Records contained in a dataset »
☆ ☆ ☆

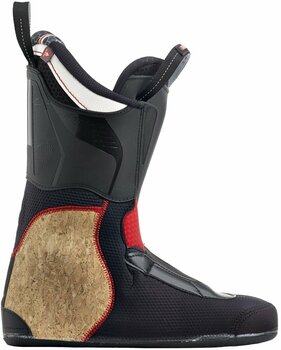 Clăpari de schi alpin Nordica Speedmachine Negru/Alb/Verde 240 Clăpari de schi alpin - 5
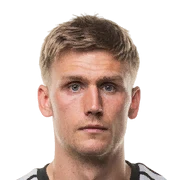 Rúnar Alex Rúnarsson
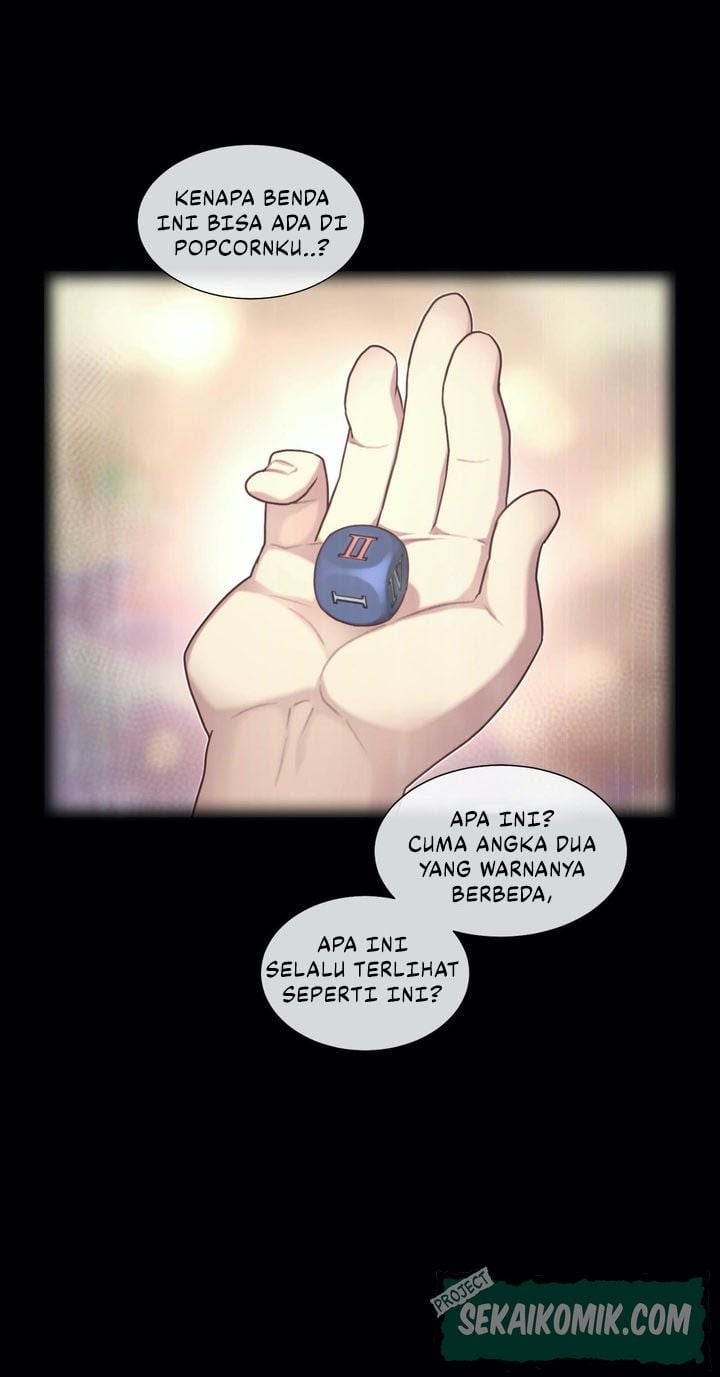 The Girlfriend Dice - Chapter 34 163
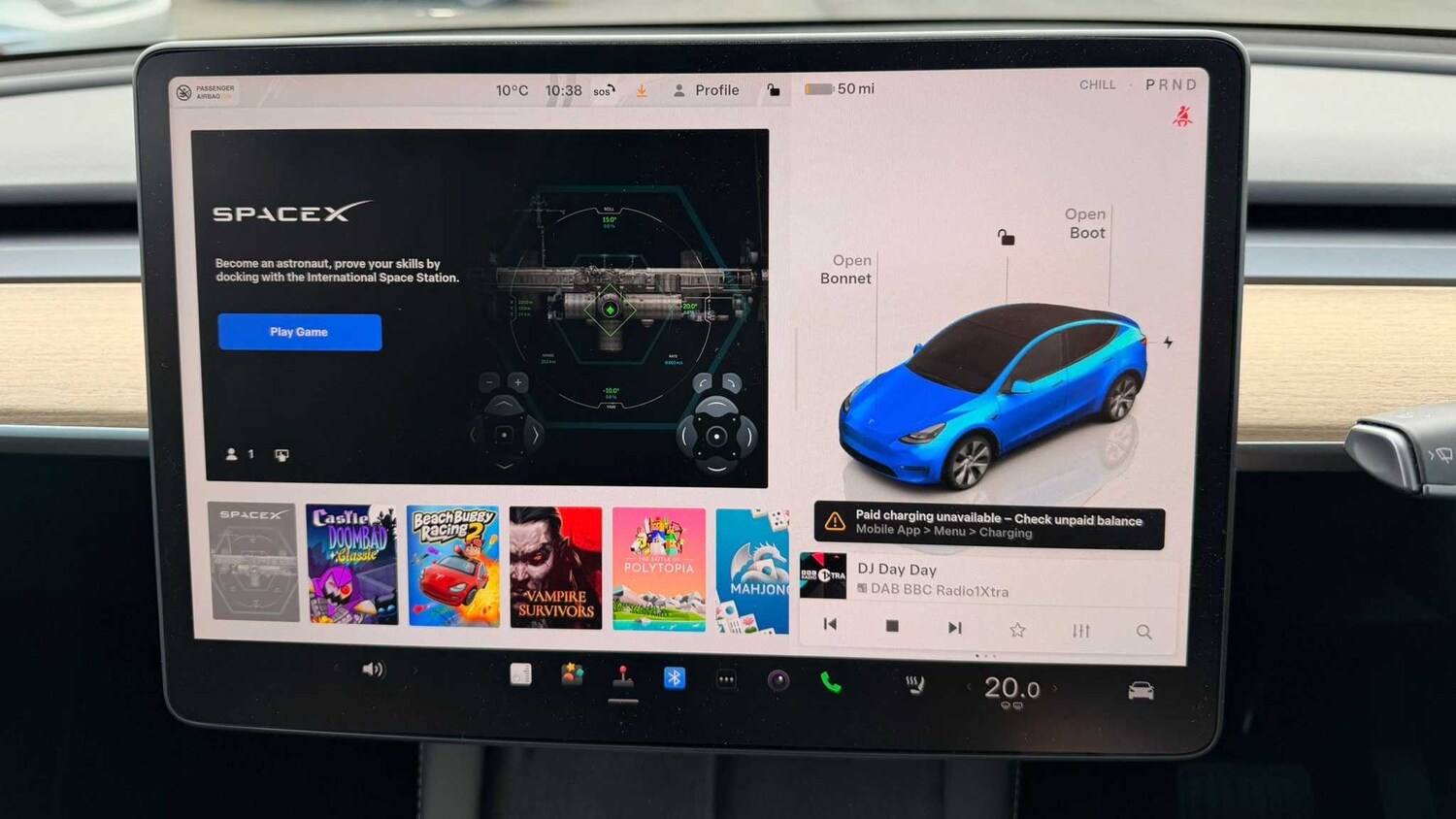 Used Tesla Model Y 2022 for sale - 77857062: Photo 18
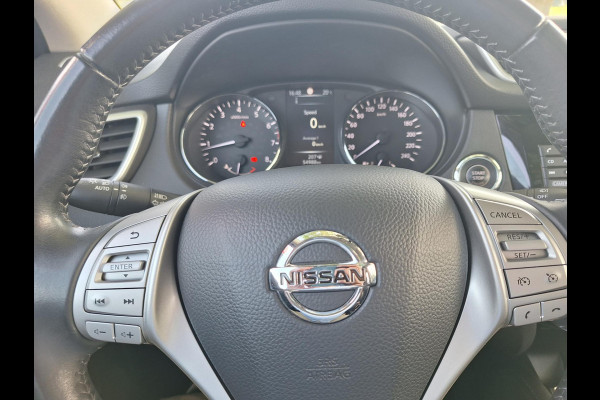 Nissan QASHQAI 1.2 N-Vision | Pano | 360 Camera | Climate | (occasion)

☆ ☆ ☆

Exercise objective » Type out the data above once more, exactly, with no images included.

Answer to this task »
 Clăpari de schi alpin Nordica Speedmachine Negru/Alb/Verde 240 Clăpari de schi alpin - 5
 Rúnar Alex Rúnarsson
 The Girlfriend Dice - Chapter 34 163
 Used Tesla Model Y 2022 for sale - 77857062: Photo 18
 Nissan QASHQAI 1.2 N-Vision | Pano | 360 Camera | Climate | (occasion)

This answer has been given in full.